Exercise –
Where the line containing "epa10635704 Move Forward" appears, begin retyping; continue exactly through the final line of the data. Omit every picture.

(Crawled caption data)
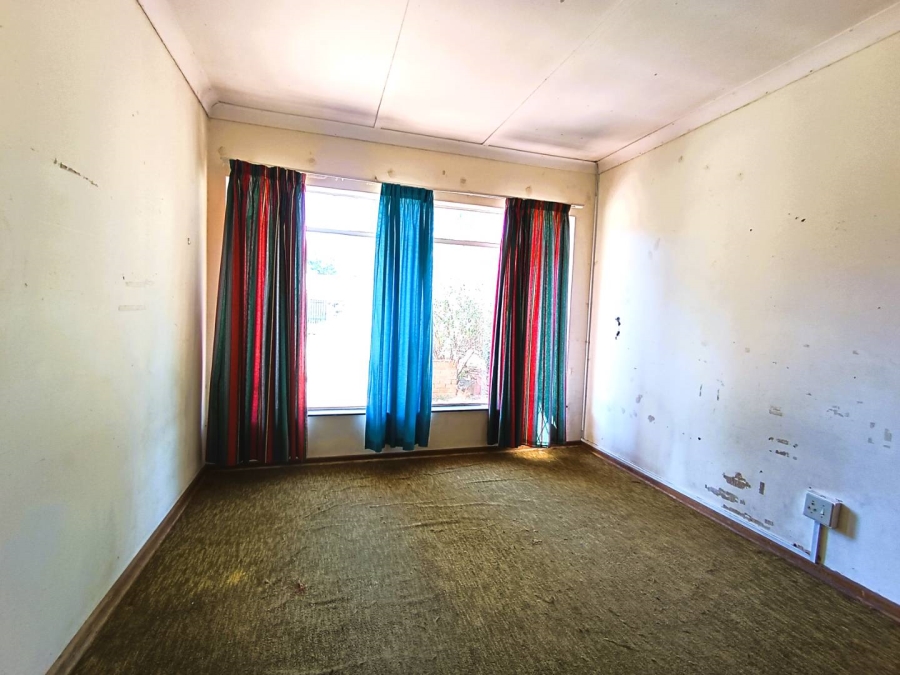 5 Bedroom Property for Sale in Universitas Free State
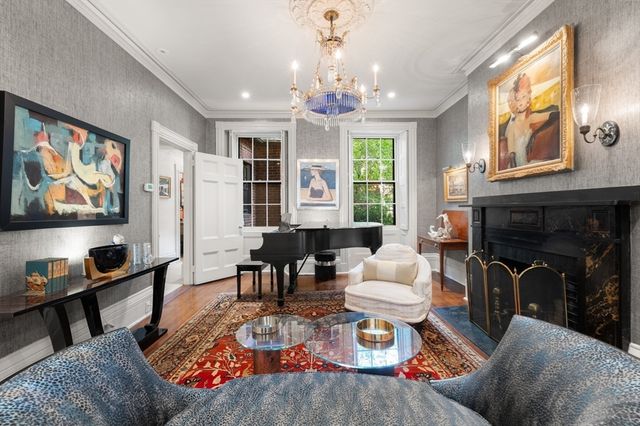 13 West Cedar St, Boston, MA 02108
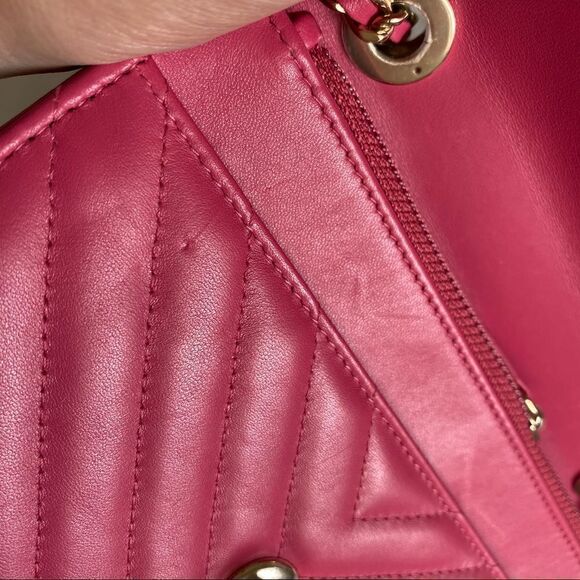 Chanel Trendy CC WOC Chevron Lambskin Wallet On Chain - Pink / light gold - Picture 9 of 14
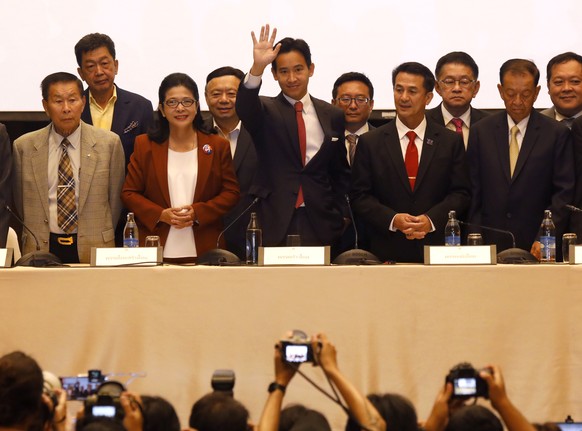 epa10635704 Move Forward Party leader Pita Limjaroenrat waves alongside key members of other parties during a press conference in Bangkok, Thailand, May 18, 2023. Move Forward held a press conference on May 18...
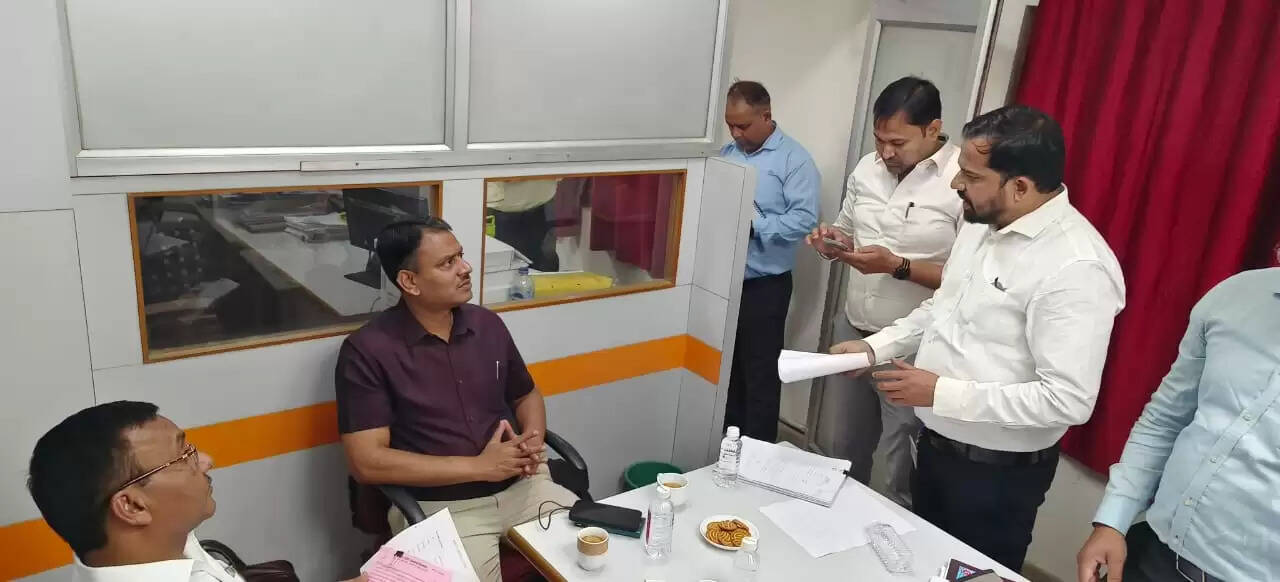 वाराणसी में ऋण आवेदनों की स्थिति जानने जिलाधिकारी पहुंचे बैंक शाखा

Task response –
 epa10635704 Move Forward Party leader Pita Limjaroenrat waves alongside key members of other parties during a press conference in Bangkok, Thailand, May 18, 2023. Move Forward held a press conference on May 18...
 वाराणसी में ऋण आवेदनों की स्थिति जानने जिलाधिकारी पहुंचे बैंक शाखा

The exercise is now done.